INFORMATION PROVIDED
-- -- --
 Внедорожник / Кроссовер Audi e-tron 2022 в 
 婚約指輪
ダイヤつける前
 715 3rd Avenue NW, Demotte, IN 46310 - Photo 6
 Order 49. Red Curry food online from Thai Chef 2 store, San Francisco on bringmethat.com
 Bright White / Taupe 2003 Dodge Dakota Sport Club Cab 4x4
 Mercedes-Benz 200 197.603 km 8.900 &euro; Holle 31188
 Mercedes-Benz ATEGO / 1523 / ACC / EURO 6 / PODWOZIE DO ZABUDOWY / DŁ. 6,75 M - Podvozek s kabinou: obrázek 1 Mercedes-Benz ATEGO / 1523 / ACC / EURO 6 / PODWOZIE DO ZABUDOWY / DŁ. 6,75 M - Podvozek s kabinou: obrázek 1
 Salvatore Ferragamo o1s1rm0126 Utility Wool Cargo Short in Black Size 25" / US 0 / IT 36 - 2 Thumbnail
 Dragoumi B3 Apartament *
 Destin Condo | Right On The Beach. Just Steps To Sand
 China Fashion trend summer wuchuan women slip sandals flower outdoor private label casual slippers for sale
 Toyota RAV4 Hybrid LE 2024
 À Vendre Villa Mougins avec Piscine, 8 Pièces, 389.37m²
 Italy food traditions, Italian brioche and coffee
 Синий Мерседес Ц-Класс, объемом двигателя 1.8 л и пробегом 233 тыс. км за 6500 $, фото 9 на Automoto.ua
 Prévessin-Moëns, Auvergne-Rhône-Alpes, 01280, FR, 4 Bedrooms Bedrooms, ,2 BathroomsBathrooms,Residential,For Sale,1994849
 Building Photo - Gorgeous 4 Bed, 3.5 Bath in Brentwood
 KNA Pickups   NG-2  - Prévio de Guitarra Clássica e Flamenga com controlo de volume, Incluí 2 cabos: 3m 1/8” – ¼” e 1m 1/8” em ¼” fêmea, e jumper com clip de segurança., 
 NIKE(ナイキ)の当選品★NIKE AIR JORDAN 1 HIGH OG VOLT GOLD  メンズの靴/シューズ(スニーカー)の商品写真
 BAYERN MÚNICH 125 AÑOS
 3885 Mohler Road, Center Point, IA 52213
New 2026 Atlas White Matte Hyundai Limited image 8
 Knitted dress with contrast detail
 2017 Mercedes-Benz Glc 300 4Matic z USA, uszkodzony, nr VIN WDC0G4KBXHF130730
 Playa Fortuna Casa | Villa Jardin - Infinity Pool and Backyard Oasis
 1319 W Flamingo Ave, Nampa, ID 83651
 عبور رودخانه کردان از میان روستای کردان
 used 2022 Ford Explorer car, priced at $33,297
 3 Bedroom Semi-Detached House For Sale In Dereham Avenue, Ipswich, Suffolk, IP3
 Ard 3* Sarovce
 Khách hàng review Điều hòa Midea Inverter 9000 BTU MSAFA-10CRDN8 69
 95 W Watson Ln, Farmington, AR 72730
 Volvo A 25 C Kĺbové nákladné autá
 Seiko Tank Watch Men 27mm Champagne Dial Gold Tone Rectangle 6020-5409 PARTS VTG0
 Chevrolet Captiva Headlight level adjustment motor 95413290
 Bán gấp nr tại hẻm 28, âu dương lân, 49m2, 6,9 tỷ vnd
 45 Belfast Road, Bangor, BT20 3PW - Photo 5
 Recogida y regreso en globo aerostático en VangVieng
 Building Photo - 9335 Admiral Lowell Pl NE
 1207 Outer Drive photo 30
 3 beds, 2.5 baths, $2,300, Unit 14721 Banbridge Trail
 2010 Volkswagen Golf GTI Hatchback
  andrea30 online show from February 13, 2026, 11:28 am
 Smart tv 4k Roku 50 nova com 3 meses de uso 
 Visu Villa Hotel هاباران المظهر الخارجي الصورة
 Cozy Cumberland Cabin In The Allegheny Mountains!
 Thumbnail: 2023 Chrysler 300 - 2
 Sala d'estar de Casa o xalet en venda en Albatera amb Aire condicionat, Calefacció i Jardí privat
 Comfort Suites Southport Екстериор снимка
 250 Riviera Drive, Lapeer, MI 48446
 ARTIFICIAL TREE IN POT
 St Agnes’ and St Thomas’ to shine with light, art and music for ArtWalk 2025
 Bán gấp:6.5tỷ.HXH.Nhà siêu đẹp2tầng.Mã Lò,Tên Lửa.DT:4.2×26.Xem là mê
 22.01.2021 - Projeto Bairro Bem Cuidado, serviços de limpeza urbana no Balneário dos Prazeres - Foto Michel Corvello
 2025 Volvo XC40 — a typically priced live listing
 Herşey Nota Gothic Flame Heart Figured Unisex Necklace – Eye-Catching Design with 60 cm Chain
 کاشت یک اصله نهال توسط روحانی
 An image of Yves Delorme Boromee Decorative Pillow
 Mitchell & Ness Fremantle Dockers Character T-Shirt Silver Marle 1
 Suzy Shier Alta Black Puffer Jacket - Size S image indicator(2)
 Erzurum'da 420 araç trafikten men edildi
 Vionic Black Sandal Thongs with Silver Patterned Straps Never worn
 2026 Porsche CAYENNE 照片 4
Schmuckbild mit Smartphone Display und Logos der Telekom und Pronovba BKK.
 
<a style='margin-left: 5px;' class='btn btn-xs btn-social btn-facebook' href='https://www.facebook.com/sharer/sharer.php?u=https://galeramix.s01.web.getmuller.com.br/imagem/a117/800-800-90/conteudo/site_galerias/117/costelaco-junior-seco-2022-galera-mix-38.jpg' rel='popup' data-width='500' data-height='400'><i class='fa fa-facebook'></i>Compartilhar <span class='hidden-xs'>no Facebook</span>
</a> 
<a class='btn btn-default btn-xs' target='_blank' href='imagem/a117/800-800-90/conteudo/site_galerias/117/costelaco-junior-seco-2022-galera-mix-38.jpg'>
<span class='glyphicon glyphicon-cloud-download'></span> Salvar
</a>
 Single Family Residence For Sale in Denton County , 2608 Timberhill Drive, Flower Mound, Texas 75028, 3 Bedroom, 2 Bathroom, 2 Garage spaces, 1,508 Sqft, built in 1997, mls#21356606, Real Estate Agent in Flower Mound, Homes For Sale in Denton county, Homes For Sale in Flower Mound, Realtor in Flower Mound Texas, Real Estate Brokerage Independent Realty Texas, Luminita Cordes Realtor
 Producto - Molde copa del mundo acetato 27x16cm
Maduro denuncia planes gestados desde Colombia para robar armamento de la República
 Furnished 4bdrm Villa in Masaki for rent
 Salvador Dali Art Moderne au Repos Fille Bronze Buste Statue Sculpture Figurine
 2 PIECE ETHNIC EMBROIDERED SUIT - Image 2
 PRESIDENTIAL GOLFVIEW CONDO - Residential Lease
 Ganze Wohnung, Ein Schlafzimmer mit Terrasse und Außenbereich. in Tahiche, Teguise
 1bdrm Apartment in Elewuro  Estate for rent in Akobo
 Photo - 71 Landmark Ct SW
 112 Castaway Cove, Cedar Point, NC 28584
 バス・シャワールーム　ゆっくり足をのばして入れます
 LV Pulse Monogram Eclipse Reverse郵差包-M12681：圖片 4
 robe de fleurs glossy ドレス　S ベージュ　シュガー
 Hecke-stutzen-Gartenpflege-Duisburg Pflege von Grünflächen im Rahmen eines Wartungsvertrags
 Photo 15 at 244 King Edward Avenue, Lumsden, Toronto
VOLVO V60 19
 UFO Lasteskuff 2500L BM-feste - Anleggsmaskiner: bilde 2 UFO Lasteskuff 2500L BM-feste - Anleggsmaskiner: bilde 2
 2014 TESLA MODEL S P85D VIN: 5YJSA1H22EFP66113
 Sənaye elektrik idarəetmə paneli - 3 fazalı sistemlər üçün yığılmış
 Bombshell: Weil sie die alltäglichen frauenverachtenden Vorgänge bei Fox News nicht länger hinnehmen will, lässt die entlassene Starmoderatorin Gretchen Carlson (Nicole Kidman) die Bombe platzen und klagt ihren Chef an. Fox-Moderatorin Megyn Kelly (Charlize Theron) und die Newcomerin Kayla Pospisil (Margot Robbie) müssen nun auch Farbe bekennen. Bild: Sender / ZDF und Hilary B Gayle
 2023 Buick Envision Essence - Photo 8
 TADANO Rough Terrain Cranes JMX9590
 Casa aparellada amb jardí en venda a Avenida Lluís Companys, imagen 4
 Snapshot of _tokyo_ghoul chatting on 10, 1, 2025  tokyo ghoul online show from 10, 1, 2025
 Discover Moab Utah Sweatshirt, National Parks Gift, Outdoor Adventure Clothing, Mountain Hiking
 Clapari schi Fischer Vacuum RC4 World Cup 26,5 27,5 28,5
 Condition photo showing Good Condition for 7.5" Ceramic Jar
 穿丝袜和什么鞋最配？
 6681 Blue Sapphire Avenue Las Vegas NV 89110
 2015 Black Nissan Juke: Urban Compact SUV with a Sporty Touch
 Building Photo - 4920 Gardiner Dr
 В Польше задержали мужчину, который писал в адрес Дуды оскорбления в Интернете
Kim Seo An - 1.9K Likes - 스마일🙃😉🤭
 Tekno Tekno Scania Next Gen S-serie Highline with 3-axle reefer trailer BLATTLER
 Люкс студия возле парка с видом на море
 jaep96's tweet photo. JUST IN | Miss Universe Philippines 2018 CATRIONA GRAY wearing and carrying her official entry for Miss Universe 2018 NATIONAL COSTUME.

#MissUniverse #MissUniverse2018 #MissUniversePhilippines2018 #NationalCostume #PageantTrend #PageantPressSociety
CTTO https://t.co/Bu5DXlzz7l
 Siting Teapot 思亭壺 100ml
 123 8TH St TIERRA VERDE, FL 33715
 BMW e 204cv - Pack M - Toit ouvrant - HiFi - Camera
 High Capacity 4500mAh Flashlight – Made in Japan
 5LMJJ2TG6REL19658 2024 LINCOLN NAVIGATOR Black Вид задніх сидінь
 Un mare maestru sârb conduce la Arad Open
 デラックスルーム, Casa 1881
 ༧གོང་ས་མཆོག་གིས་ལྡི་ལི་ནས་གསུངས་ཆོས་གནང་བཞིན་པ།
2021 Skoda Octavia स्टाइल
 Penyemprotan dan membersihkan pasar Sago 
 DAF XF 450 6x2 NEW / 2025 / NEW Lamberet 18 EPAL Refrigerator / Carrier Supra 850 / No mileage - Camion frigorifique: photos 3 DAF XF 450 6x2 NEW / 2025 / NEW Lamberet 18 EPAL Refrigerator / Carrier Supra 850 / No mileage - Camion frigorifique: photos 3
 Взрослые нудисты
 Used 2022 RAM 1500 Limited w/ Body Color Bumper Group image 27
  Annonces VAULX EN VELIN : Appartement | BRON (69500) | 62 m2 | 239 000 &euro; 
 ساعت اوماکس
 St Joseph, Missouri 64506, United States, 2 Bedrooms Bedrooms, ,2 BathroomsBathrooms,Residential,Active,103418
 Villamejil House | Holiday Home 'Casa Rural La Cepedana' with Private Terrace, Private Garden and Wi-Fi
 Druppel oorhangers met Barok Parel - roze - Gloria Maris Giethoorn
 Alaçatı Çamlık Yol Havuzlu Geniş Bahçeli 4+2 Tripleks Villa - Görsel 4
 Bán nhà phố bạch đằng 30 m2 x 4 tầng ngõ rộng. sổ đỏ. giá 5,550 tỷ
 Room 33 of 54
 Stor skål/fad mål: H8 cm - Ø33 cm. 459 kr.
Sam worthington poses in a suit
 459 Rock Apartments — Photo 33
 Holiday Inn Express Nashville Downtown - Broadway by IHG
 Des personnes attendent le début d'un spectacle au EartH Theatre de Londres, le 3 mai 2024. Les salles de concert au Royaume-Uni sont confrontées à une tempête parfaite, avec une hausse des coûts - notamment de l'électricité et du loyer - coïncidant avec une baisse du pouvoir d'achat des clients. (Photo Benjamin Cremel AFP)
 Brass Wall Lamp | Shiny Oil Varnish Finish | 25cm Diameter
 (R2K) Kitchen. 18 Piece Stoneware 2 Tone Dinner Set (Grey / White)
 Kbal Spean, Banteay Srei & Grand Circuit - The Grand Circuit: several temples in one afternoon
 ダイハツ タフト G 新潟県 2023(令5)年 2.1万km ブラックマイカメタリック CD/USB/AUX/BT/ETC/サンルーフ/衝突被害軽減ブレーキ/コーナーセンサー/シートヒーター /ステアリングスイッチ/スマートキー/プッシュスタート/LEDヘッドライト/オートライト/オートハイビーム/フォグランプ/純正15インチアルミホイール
-- -- --
YOUR INSTRUCTIONS
The required answer is the run of lines above, starting at the line with "デラックスルーム, Casa 1881" and ending at the line with "Holiday Inn Express", reproduced exactly with both ends.

OUTPUT BELOW
 デラックスルーム, Casa 1881
 ༧གོང་ས་མཆོག་གིས་ལྡི་ལི་ནས་གསུངས་ཆོས་གནང་བཞིན་པ།
2021 Skoda Octavia स्टाइल
 Penyemprotan dan membersihkan pasar Sago 
 DAF XF 450 6x2 NEW / 2025 / NEW Lamberet 18 EPAL Refrigerator / Carrier Supra 850 / No mileage - Camion frigorifique: photos 3 DAF XF 450 6x2 NEW / 2025 / NEW Lamberet 18 EPAL Refrigerator / Carrier Supra 850 / No mileage - Camion frigorifique: photos 3
 Взрослые нудисты
 Used 2022 RAM 1500 Limited w/ Body Color Bumper Group image 27
  Annonces VAULX EN VELIN : Appartement | BRON (69500) | 62 m2 | 239 000 &euro; 
 ساعت اوماکس
 St Joseph, Missouri 64506, United States, 2 Bedrooms Bedrooms, ,2 BathroomsBathrooms,Residential,Active,103418
 Villamejil House | Holiday Home 'Casa Rural La Cepedana' with Private Terrace, Private Garden and Wi-Fi
 Druppel oorhangers met Barok Parel - roze - Gloria Maris Giethoorn
 Alaçatı Çamlık Yol Havuzlu Geniş Bahçeli 4+2 Tripleks Villa - Görsel 4
 Bán nhà phố bạch đằng 30 m2 x 4 tầng ngõ rộng. sổ đỏ. giá 5,550 tỷ
 Room 33 of 54
 Stor skål/fad mål: H8 cm - Ø33 cm. 459 kr.
Sam worthington poses in a suit
 459 Rock Apartments — Photo 33
 Holiday Inn Express Nashville Downtown - Broadway by IHG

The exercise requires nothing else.